- What is needed
Up to and including the line with "9783031008757 - Synthesis", restate the records below word for word, beginning with their first line.

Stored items
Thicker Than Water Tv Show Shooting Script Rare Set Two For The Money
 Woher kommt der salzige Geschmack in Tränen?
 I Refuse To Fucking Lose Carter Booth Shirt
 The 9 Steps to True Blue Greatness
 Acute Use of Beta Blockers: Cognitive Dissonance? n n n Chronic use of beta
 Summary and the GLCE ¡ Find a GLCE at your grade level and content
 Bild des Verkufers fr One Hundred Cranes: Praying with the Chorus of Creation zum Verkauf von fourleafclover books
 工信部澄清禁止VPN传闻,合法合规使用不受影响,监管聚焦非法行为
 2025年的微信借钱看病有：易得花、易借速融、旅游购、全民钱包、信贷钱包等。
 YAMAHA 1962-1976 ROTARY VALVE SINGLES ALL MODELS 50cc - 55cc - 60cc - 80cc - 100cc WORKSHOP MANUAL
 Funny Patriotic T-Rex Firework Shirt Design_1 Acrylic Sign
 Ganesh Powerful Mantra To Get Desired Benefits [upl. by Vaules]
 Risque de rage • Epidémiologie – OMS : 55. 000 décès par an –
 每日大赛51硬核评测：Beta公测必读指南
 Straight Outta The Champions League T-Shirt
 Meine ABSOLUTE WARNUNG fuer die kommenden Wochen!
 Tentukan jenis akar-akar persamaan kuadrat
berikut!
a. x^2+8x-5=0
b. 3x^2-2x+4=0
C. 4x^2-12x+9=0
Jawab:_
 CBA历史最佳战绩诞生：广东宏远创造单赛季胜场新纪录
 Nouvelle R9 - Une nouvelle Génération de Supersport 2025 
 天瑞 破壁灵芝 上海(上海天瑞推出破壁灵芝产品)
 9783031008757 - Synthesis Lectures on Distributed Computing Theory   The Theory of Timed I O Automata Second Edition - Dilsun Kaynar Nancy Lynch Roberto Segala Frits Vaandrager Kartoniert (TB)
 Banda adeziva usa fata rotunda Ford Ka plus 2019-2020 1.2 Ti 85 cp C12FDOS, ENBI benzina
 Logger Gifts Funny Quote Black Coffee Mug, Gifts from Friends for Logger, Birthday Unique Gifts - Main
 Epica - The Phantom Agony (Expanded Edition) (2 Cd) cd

- Task output
Thicker Than Water Tv Show Shooting Script Rare Set Two For The Money
 Woher kommt der salzige Geschmack in Tränen?
 I Refuse To Fucking Lose Carter Booth Shirt
 The 9 Steps to True Blue Greatness
 Acute Use of Beta Blockers: Cognitive Dissonance? n n n Chronic use of beta
 Summary and the GLCE ¡ Find a GLCE at your grade level and content
 Bild des Verkufers fr One Hundred Cranes: Praying with the Chorus of Creation zum Verkauf von fourleafclover books
 工信部澄清禁止VPN传闻,合法合规使用不受影响,监管聚焦非法行为
 2025年的微信借钱看病有：易得花、易借速融、旅游购、全民钱包、信贷钱包等。
 YAMAHA 1962-1976 ROTARY VALVE SINGLES ALL MODELS 50cc - 55cc - 60cc - 80cc - 100cc WORKSHOP MANUAL
 Funny Patriotic T-Rex Firework Shirt Design_1 Acrylic Sign
 Ganesh Powerful Mantra To Get Desired Benefits [upl. by Vaules]
 Risque de rage • Epidémiologie – OMS : 55. 000 décès par an –
 每日大赛51硬核评测：Beta公测必读指南
 Straight Outta The Champions League T-Shirt
 Meine ABSOLUTE WARNUNG fuer die kommenden Wochen!
 Tentukan jenis akar-akar persamaan kuadrat
berikut!
a. x^2+8x-5=0
b. 3x^2-2x+4=0
C. 4x^2-12x+9=0
Jawab:_
 CBA历史最佳战绩诞生：广东宏远创造单赛季胜场新纪录
 Nouvelle R9 - Une nouvelle Génération de Supersport 2025 
 天瑞 破壁灵芝 上海(上海天瑞推出破壁灵芝产品)
 9783031008757 - Synthesis Lectures on Distributed Computing Theory   The Theory of Timed I O Automata Second Edition - Dilsun Kaynar Nancy Lynch Roberto Segala Frits Vaandrager Kartoniert (TB)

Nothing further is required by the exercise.